Ainsi, dans l’œuvre de Baron Lanteigne, le matériel (hardware) et le logiciel (software) s’entremêlent de manière si inextricable qu’il est presque impossible de distinguer ce qui relève de l’un ou de l’autre. Pourtant, celle-ci bat en brèche la distinction entre art analogique et art numérique, deux catégories qui ne doivent pas être considérées comme mutuellement exclusives, mais plutôt comme interdépendantes. Elles représentent les deux extrémités d’un spectre sur lequel se dessinent une infinité de choix esthétiques, pris dans un entre-deux inéluctable entre l’analogique et le numérique. Cette ambivalence est d’ailleurs au cœur de l’art post-Internet qui consiste à rematérialiser l’art numérique, autrefois confiné dans des ghettos internautiques, pour infiltrer les circuits traditionnels de l’art contemporain. L’œuvre de Baron Lanteigne nous invite ainsi à penser l’art, non pas en termes d’oppositions statiques, mais sur le mode, fluide et fugitif, de l’entre-deux.
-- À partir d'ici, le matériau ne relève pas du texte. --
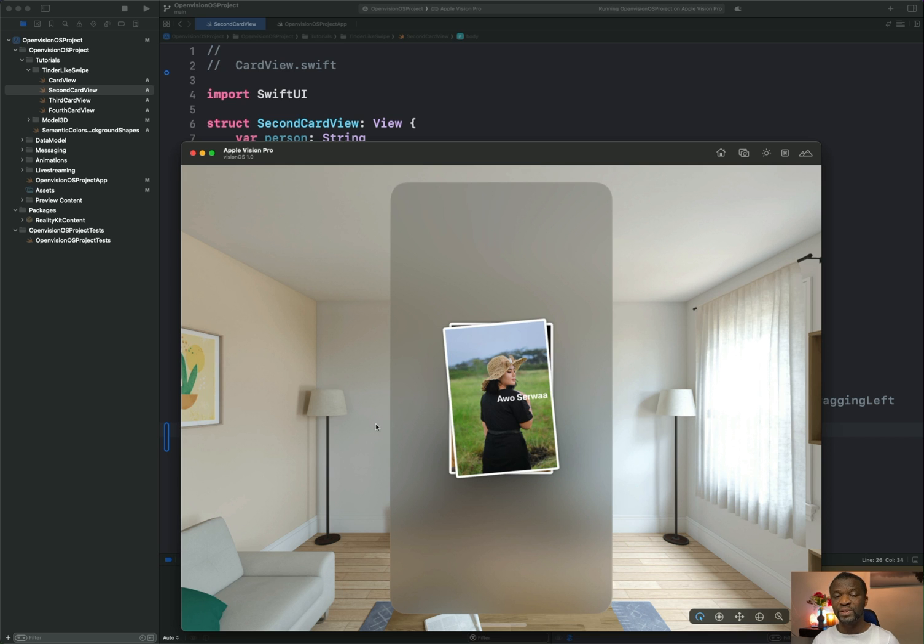So this is how you can specify the initial window size of a visionOS project and how to add hover effect to views. Thanks for watching this video.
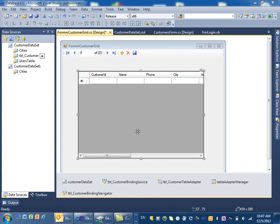In the first video we did the lookup for the detail view, but here a lot of the time you can have a grid view and you want to be able to do the lookup in the grid view instead of the detail view.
Cet entre-deux qui, pour le dire avec Daniel Sibony, ouvre un espace dialectique où les différences naissent, se croisent et s’entrelacent, où les idées durement acquises s’évanouissent dans les brumes de l’incertitude, où les concepts se tiennent en tension les uns avec les autres et finissent par se refléter dans des eaux contraires.
(1) Saint John Walker, A Quick Walk Through “Uncanny Valley”, in A. Oddey et C. White (dir.), Modes of Spectating, Bristol, Intellect Books, 2009, p. 30.
(2) Alain Renaud, Sous la loi du nombre, Télérama, numéro hors-série « Le délire multimédia : tout pour s’y retrouver », 1996, p. 74.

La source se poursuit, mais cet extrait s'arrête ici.